Few names are more synonymous with American racing performance than that of Carroll Shelby. The tenacious Texan was a skilled driver as well as an entrepreneur and had decades of success turning production cars into finely-tuned racing machines. He even got the chance to build his own vision from scratch.
In 2021, RM Sotheby’s is hosting a treasure trove of Shelby models at its Scottsdale auction. The collection highlights the wide range of Shelby’s contributions to the automotive world and ranges from a full-bore big-block Cobra to an early clay prototype of the Shelby Series 1.
Check out all seven cars on offer below.
In 1965, Shelby was supposed to build 100 homologation cars to qualify the recently redesigned Cobra and its big-bore 427 V-8 eligible for FIA competition. The company made it just over halfway through the intended run of 100—a lot farther than rival Ferrari made it with its 15 copies of the 275 LM. This continuation car was built in 2013 using an existing 1965 Cobra chassis number and is intended for race use only. If you’ve ever dreamt of running an FIA-spec Cobra with an aluminum body and 427 side-oiler, this 10-mile example is as close as you’re likely to get to the real thing.
First-gen Mustang fastbacks are among the most sought-after pony cars, and none are more desirable than a Shelby GT350. This is number 47 of the 562 built by Shelby for 1965. That means it was built in the original Venice shop before Shelby’s move a few miles south to its facility by LAX . Of course, it comes with the tuned 289 V-8 and a suspension meant for the track.
This one has been recently restored and then cosmetically touched up in 2019, so it’s still looking Venice-fresh. Its chock-full of all the Shelby goodies you’d want, too, including the 16-inch wood steering wheel found on early-production GT350s and the fiberglass gauge pod with the original oil pressure gauge.
Just six original Daytona coupes were built after Shelby employee Pete Brock was tasked with sculpting a car body capable of keeping up with the sleek Ferraris on the Mulsanne Straight at Le Mans. The design remains one of the most beautiful race cars ever penned.
Like the originals, this continuation Daytona coupe features an aluminum body and a gorgeous Ford small-block to match. The engine’s topped by a quartet of Weber downdraft carburetors so that each intake port gets its own throttle. The sparse interior won’t do much to dampen the engine sound, but that’s a feature, not a bug.
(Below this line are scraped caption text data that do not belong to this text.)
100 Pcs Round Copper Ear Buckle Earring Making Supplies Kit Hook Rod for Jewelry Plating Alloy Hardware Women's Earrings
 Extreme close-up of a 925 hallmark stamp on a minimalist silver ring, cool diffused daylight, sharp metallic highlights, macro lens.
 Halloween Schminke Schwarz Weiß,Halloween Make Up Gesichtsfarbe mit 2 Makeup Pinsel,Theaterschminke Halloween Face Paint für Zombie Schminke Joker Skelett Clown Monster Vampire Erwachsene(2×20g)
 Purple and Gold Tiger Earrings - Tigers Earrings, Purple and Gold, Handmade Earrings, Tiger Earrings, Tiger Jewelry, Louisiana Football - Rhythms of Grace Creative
This 2008 build from Superformance celebrates Carroll Shelby’s 85th birthday. It’s the first of 85 built and the color scheme is a homage to the GT40 campaigned by Chris Amon and Bruce McLaren in 1966. About 90 percent of the parts used in the run of 85 are interchangeable with the originals—like the steel roof, complete with Gurney bubble—although Superformance did make some modern upgrades. For example, there’s galvanized steel in the chassis for corrosion resistance, plus air conditioning and Wilwood brakes—and some serious hot-rodding on the Ford FE engine. The mill now displaces 511, rather than 427, cubic inches and output is nearly 600 hp.
Just like it did in the ’60s, Shelby built its 2012 GT350 with an improved suspension and added a new front fascia that also helped it breathe on the track. This 5.0-liter-powered Mustang is equipped with the optional six-speed automatic and benefits from a host of Shelby upgrades, including 19-inch Cragar wheels, Wilwood brakes, and Ford Racing anti-roll bars and adjustable caster-camber plates. Scoops on the rockers and fascia feed brake cooling vents. This pristine example has fewer than 1000 miles on the odometer.
If open-air cruising is more your thing, this drop-top Shelby GT350 may be up your alley. Nearly identical to the coupe we just mentioned, this one has even fewer miles on the odometer—just 290. Since 2012 marked the first time a Shelby Mustang convertible was offered since 1970, this one may have additional collector appeal.
Of the road cars bearing the Shelby name, the Series 1 possesses the most Shelby influence; it wasn’t based on any existing platform or OEM design. The production model would go on to use a 4.0-liter Oldsmobile version of the Northstar V-8, but this design model has no powerplant. It’s an early clay model that looks every bit like the real thing, but the doors, hood, and trunk don’t open. For those that have the room in their collection, and an interest in automotive design, this Series 1 model may be a bargain; it represents so much of Carroll Shelby’s vision of a proper sports car.